Work item: Give again the line that contains "Rule 34 | 1girl, animal", plus every line after it to the end of the records, unchanged.

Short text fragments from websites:

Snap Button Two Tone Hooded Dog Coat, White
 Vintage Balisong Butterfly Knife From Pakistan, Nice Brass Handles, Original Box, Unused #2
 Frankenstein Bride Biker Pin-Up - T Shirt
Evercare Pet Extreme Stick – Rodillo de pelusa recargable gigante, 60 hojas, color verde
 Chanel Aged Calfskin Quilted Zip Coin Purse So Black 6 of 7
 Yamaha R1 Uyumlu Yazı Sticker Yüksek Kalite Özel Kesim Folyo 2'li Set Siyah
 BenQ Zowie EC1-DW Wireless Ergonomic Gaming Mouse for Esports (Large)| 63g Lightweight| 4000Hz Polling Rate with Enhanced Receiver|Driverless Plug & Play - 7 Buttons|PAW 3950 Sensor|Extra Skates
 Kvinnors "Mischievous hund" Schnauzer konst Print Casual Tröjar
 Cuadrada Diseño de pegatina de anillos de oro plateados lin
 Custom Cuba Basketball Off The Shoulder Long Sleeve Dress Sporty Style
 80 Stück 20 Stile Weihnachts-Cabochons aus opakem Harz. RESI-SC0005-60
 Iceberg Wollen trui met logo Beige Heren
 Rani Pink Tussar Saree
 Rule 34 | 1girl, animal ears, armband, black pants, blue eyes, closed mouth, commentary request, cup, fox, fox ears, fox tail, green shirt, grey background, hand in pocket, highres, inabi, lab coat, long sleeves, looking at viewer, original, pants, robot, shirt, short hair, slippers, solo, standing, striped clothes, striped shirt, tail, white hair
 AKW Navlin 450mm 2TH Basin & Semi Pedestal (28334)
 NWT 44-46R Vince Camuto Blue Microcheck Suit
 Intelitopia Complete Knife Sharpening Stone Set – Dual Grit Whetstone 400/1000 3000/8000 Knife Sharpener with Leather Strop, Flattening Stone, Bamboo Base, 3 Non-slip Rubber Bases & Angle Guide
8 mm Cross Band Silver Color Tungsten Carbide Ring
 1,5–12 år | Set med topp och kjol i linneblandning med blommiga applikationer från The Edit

Exercise result:
 Rule 34 | 1girl, animal ears, armband, black pants, blue eyes, closed mouth, commentary request, cup, fox, fox ears, fox tail, green shirt, grey background, hand in pocket, highres, inabi, lab coat, long sleeves, looking at viewer, original, pants, robot, shirt, short hair, slippers, solo, standing, striped clothes, striped shirt, tail, white hair
 AKW Navlin 450mm 2TH Basin & Semi Pedestal (28334)
 NWT 44-46R Vince Camuto Blue Microcheck Suit
 Intelitopia Complete Knife Sharpening Stone Set – Dual Grit Whetstone 400/1000 3000/8000 Knife Sharpener with Leather Strop, Flattening Stone, Bamboo Base, 3 Non-slip Rubber Bases & Angle Guide
8 mm Cross Band Silver Color Tungsten Carbide Ring
 1,5–12 år | Set med topp och kjol i linneblandning med blommiga applikationer från The Edit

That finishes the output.